The Treasury permanent secretary Emmanuel Tutuba told The Citizen yesterday that the team will look into the implications of the levy which had been roundly criticised since its became effective on July 15.
In response to the decision, Tanzania Mobile Network Operators Association (Tamnoa) said in a statement yesterday that the decision will build investors’ confidence and attract new projects in the telecoms industry.

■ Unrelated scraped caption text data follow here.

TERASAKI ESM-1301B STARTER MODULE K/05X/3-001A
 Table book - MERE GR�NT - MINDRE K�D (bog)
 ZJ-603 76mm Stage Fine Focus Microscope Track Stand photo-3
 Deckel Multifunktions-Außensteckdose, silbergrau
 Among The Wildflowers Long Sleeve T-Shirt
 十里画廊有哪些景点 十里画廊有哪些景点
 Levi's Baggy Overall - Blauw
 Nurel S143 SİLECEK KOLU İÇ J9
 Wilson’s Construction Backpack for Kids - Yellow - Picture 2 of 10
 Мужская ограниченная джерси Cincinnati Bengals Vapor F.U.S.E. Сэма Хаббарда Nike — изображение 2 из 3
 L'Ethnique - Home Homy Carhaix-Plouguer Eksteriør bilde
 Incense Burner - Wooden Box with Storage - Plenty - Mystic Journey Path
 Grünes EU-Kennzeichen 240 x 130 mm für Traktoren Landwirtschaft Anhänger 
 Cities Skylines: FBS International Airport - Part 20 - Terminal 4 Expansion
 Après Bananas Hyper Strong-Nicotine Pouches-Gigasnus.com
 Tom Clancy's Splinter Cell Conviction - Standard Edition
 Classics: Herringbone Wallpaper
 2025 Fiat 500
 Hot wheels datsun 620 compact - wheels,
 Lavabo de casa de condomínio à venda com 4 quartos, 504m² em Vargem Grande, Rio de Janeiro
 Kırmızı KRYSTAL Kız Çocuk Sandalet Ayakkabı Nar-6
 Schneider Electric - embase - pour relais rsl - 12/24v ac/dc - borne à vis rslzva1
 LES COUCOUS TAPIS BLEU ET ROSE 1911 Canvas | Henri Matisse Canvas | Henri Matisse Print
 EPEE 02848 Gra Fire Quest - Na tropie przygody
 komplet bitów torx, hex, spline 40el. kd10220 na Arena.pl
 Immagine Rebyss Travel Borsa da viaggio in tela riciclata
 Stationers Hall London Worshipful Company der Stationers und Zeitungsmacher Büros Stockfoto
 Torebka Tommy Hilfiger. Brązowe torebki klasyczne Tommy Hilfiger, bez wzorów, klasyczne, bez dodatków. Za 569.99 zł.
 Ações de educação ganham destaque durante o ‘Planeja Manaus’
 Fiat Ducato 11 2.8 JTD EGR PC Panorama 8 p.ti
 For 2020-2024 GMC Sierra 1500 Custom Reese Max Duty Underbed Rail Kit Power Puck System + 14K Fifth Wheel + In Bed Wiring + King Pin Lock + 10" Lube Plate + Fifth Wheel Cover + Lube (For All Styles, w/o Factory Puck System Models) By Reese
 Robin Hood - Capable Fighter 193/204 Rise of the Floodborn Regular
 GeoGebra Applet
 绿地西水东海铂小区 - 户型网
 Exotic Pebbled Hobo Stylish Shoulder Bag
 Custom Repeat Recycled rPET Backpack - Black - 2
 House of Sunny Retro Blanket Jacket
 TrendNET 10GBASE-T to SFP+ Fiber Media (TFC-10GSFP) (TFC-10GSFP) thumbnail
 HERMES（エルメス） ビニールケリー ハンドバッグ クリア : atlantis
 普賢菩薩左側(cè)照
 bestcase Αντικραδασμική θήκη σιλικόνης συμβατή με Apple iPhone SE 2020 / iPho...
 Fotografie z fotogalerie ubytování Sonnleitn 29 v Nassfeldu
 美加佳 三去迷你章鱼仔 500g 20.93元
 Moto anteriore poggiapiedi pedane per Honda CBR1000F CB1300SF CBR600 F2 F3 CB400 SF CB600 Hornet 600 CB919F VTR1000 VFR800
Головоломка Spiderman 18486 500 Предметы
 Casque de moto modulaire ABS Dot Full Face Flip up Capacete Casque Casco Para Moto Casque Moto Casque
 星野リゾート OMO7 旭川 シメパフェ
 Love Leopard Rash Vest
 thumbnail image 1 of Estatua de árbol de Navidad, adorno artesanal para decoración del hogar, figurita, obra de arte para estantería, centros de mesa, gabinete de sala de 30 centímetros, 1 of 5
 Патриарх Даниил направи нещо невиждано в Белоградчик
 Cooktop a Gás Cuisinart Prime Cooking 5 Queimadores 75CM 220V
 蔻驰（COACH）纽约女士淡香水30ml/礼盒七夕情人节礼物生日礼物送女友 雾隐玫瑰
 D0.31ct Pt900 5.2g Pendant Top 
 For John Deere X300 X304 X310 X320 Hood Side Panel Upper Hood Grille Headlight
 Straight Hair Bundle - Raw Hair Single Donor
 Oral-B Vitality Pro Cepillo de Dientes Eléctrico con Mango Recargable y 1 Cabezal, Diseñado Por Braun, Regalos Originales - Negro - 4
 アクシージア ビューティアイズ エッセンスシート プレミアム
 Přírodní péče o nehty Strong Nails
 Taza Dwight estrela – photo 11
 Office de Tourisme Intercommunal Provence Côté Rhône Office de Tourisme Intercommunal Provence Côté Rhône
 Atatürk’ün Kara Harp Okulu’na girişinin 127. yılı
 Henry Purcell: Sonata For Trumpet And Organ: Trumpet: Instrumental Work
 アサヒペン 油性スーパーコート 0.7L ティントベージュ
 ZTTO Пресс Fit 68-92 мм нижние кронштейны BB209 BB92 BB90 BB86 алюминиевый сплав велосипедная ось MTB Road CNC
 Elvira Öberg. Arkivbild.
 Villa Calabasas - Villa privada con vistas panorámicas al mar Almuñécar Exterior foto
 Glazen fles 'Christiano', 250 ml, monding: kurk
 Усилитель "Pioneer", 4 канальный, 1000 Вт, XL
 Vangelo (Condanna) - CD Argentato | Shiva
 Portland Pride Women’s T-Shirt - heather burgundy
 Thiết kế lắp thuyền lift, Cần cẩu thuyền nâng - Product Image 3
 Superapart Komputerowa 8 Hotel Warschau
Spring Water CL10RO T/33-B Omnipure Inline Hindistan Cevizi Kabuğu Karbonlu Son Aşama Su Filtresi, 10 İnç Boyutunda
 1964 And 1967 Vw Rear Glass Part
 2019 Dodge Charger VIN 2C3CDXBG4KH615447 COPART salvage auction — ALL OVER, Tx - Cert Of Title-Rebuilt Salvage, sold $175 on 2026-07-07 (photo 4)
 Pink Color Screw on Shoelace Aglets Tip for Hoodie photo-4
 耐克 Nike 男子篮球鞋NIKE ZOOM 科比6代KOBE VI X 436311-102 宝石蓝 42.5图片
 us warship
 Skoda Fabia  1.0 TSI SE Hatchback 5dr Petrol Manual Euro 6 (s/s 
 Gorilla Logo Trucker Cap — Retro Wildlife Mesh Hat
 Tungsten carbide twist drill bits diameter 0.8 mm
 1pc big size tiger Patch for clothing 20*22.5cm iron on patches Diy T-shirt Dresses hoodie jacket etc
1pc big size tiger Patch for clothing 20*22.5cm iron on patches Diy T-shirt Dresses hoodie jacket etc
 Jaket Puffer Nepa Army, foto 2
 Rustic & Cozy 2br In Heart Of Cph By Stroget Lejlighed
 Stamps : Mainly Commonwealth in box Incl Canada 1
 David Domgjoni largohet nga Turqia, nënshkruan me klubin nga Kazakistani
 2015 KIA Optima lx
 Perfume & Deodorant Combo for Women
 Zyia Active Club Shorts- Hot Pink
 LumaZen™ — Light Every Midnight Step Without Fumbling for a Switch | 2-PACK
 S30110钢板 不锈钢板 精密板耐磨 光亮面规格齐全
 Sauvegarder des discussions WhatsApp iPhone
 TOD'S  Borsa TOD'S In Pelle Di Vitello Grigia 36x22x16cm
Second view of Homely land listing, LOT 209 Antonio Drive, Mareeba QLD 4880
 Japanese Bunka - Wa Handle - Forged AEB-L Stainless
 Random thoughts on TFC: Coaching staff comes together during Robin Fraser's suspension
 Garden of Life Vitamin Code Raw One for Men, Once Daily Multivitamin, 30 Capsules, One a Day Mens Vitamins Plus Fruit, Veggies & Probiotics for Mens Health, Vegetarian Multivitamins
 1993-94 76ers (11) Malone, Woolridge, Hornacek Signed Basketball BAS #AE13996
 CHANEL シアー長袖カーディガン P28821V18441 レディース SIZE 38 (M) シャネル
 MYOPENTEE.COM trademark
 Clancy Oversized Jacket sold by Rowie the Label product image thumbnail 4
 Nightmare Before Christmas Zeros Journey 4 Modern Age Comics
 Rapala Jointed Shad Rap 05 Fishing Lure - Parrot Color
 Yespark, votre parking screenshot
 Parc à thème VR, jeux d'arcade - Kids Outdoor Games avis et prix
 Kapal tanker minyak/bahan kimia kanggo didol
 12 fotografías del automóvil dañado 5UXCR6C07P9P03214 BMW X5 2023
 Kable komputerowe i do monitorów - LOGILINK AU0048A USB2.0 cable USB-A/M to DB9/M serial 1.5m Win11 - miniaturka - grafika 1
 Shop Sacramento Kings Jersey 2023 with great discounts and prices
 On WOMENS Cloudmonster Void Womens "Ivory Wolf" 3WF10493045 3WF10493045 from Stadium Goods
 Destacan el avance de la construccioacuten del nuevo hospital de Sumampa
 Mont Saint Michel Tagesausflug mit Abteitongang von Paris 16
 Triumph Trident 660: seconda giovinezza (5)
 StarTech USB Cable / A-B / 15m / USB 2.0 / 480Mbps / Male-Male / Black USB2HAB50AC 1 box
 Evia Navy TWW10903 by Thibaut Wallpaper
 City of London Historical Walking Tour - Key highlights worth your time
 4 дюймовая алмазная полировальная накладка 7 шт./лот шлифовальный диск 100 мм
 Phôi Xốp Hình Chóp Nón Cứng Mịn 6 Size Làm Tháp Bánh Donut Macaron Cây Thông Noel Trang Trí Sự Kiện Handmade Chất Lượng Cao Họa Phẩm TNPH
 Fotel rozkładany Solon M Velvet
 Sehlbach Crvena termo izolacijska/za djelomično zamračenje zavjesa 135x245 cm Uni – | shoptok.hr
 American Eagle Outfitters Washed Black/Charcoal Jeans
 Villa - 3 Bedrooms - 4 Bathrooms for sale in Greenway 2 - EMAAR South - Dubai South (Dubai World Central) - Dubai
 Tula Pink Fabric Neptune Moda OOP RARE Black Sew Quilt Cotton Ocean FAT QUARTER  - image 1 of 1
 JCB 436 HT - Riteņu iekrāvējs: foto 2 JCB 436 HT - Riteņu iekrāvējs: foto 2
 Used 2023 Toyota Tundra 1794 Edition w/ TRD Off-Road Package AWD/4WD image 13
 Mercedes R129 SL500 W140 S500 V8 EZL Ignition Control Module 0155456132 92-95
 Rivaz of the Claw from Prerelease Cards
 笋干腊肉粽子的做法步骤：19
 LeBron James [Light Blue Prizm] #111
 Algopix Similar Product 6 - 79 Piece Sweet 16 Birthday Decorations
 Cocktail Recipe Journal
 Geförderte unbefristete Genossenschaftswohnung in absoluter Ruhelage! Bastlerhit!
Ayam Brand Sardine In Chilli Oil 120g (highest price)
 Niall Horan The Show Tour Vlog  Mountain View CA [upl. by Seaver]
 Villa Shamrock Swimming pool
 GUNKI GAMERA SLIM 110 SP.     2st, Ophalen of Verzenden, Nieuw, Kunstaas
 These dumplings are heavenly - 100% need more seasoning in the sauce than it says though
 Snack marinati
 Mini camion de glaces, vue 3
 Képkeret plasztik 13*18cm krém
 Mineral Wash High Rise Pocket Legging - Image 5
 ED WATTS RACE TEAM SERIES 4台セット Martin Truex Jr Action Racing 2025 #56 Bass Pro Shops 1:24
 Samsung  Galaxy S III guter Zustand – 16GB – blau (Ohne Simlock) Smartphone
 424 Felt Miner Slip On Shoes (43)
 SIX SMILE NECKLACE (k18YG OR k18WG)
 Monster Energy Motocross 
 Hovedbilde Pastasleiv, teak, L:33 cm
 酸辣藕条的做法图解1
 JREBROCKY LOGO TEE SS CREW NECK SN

Tamnoa chairman Hisham Hendi said since the levy became effective, mobile money transactions have gone down by 45 percent. This, he said, has adversely affected the telecom firms’ revenues and their overall contribution to government taxes. “We sincerely appreciate what the government has done so far, and we particularly salute President Hassan and the government for responding to the public outcry,” said Mr Hendi, who doubles as chief executive officer for Vodacom Tanzania. He said millions of customers, especially those in rural areas, had almost stopped using their services due to rising costs. The team, formed to review the levy, will consult with telecommunication companies as well as the Bank of Tanzania (BoT).
The team comprises experts from the BoT, Tanzania Communications Regulatory Authority, ministry of Finance and Planning and the Communications Technology ministry.
Mr Hendi was optimistic of the findings of the team to enable the government achieve its goal of raising more taxes to finance various development projects.
but also to ensure mobile network operators also survive in the tough market.
He said the country has of late experienced an economic boom in Africa, thanks to huge investments in the mobile phone sector which in turn has contributed in pushing forward the social and economic value.
According to the latest research findings by the Global System for Mobile Communications (GSMA) released in March, affordable mobile sector-specific taxes could improve digital inclusion and boost agriculture and health.
The public have largely criticised the new taxes for being too high for ordinary citizens to afford.